[Extracted records]
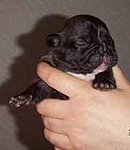 puppies 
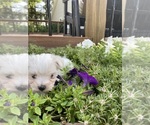 Small #5 Maltese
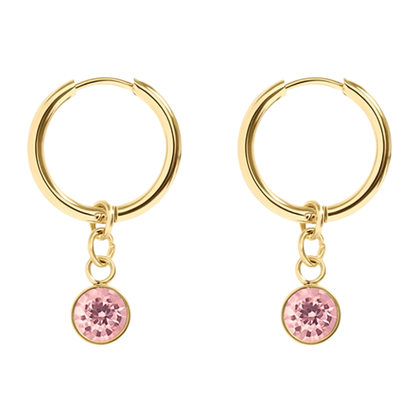 CZ Crystal Birthstone Dangling Huggie Hoop Earrings - Pair - 316L Stainless Steel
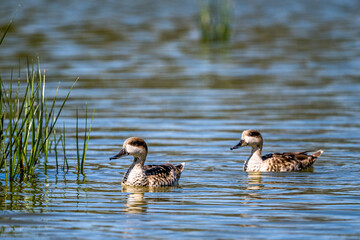 Marbled duck, Marbled teal, Marmaronetta angustirostris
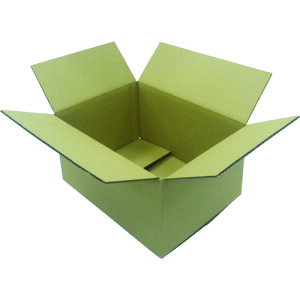 IRIS 553526 i{[BOX DB-S6 [DB-S6] 10Zbg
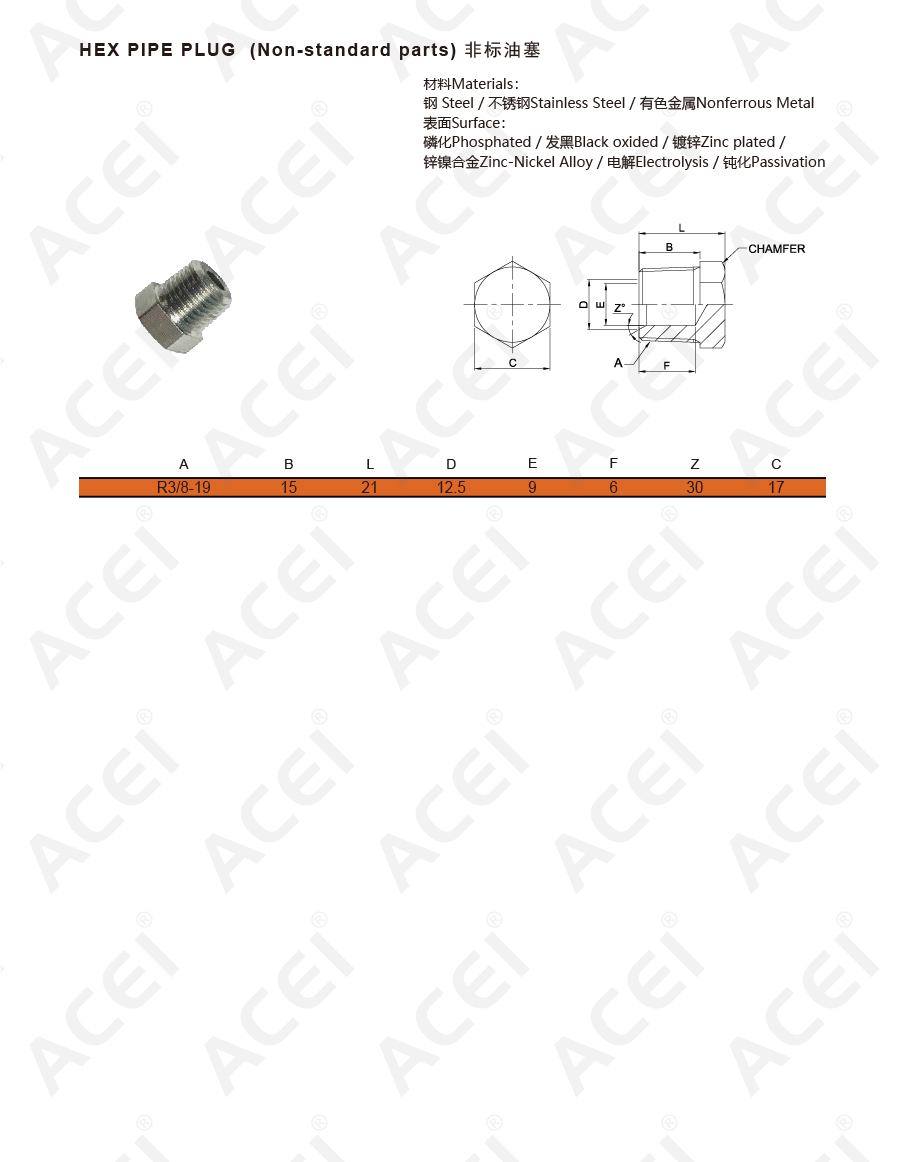 900px-外六角油塞 HEX PIPE PLUG R螺纹-02.jpg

### What you have to do
From the line that holds "DB-S6 [DB-S6] 10Zbg" to the last line of the records, please copy each line exactly and nothing else. Pictures stay out.

### Response box
 IRIS 553526 i{[BOX DB-S6 [DB-S6] 10Zbg
 900px-外六角油塞 HEX PIPE PLUG R螺纹-02.jpg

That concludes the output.